■ What is needed: The required output is the exact run of lines from the one that contains "New Michael Kors Large Zip Clutch Wristlet" to the end of the data, with every picture left out.

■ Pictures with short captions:
○ ○ ○

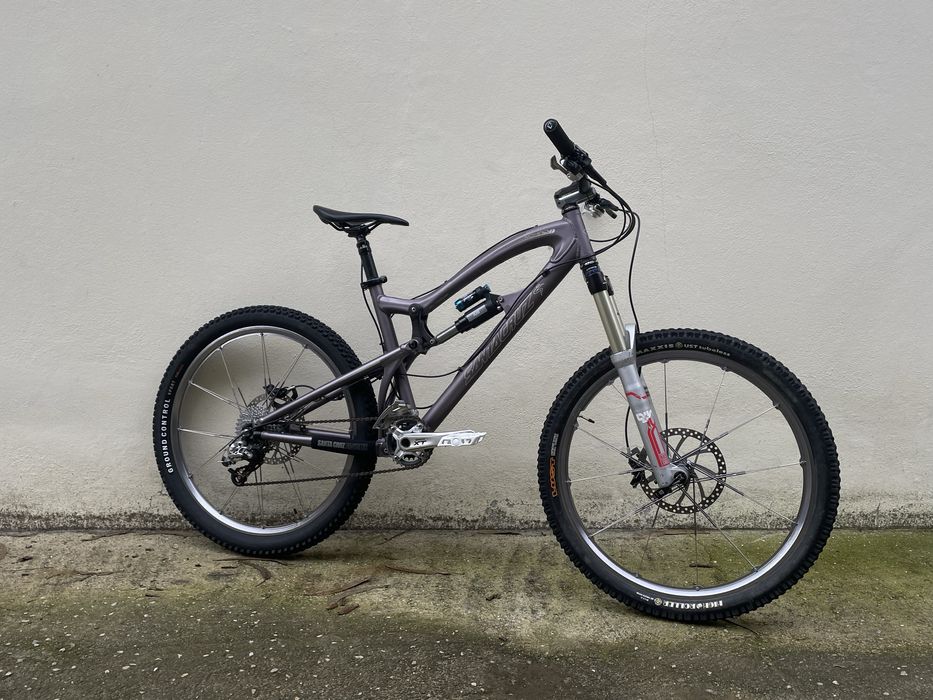 Sabta Cruz Nomad equipamento de topo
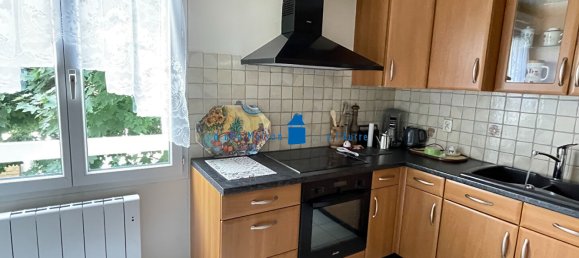 3 bedrooms Apartment in Carrieres-sur-Seine, France No. 171432 5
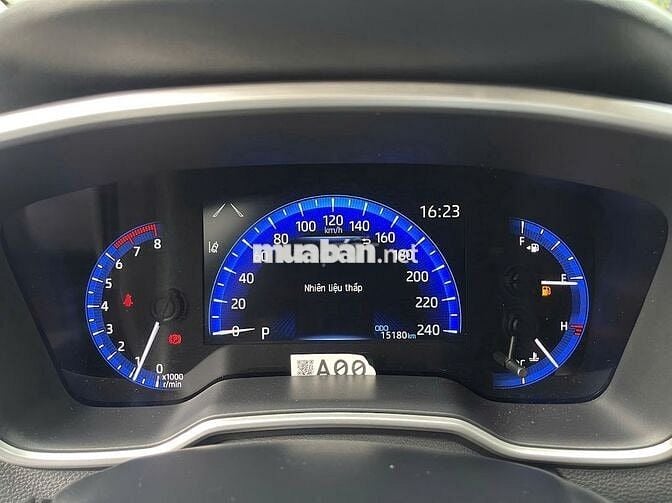 Toyota Corolla Altis 2023 1.8V - 15000 km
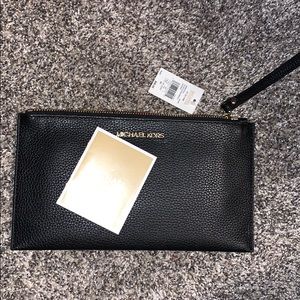 New Michael Kors Large Zip Clutch Wristlet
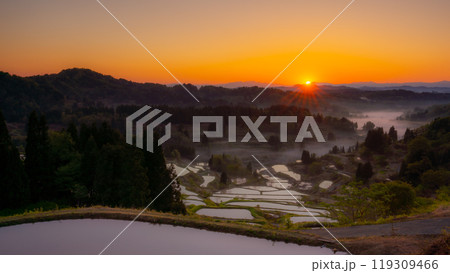 新潟県十日町市の星峠の夜明け、棚田の原風景 新潟県十日町市の星峠の夜明け、棚田の原風景 119309466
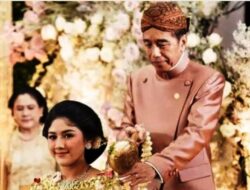 Jokowi Mencatat Istana Merdeka dan Bogor Dicium Aroma Kolonial, Namun Tetap Digunakan untuk Acara Keluarga, Jhon Sitorus Menegaskan Tidak Ada Malu Lagi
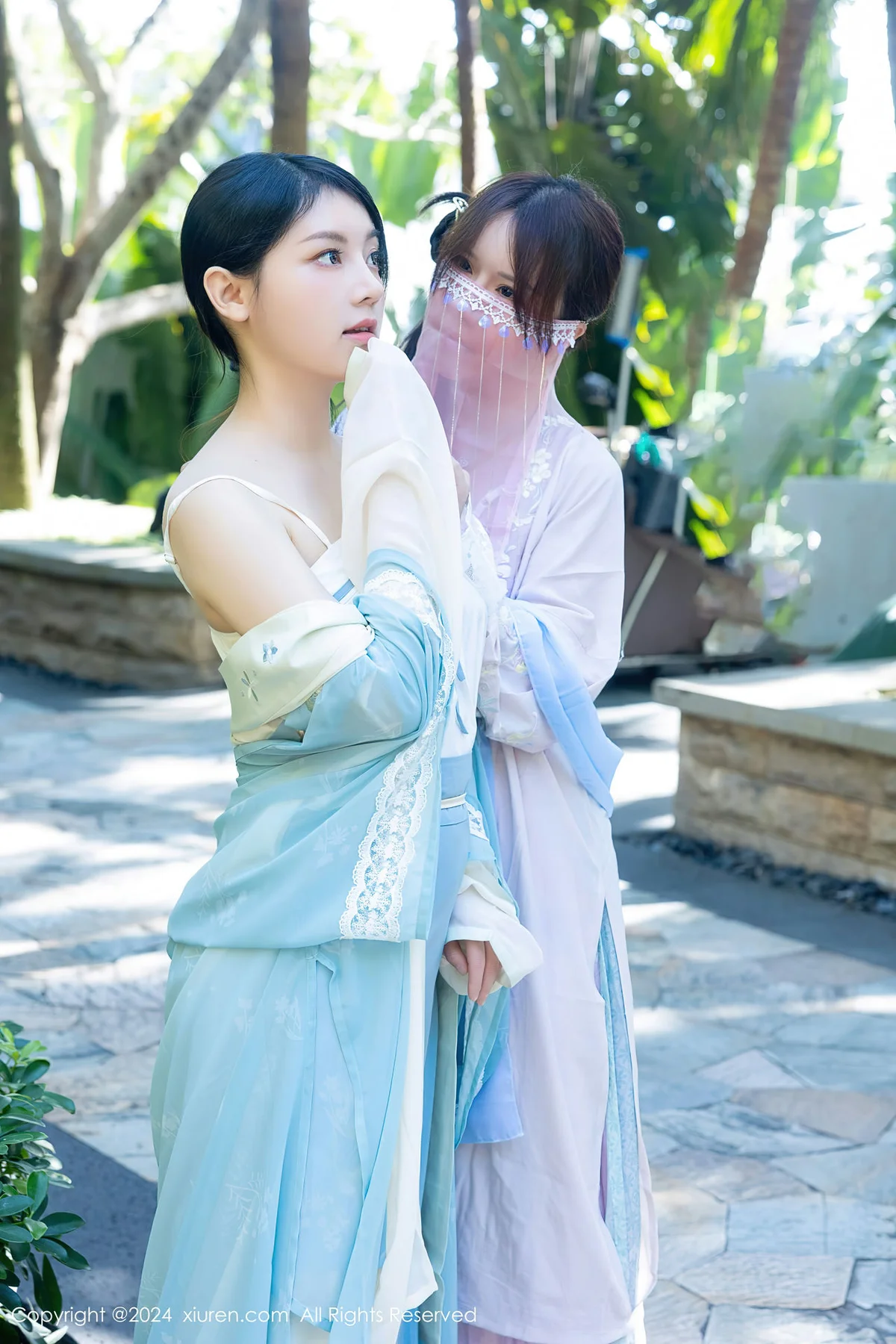 XiuRen 秀人 No.8137  豆瓣酱模特合集 古装性感穿搭写真 - 3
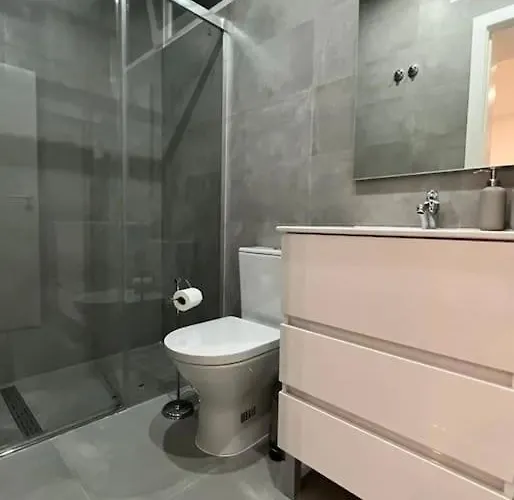 Cozy And Modern Flat In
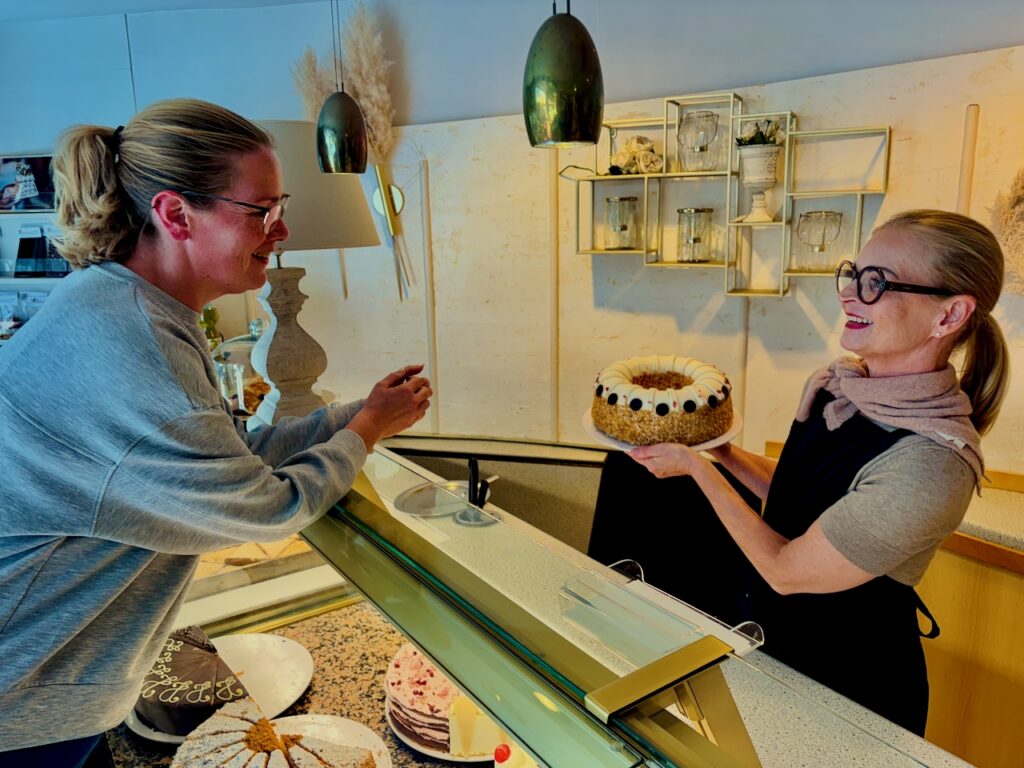 Mittagstisch-Cafe-Bemmerer-Diez-2026-17-1024x768 Marina Schuster trifft Monika Schnurr im Café Bemmerer - zwei starke Frauen, ein hervorragender Mittagstisch, viel Region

○ ○ ○

■ Reply to the task:
 New Michael Kors Large Zip Clutch Wristlet
 新潟県十日町市の星峠の夜明け、棚田の原風景 新潟県十日町市の星峠の夜明け、棚田の原風景 119309466
 Jokowi Mencatat Istana Merdeka dan Bogor Dicium Aroma Kolonial, Namun Tetap Digunakan untuk Acara Keluarga, Jhon Sitorus Menegaskan Tidak Ada Malu Lagi
 XiuRen 秀人 No.8137  豆瓣酱模特合集 古装性感穿搭写真 - 3
 Cozy And Modern Flat In
 Mittagstisch-Cafe-Bemmerer-Diez-2026-17-1024x768 Marina Schuster trifft Monika Schnurr im Café Bemmerer - zwei starke Frauen, ein hervorragender Mittagstisch, viel Region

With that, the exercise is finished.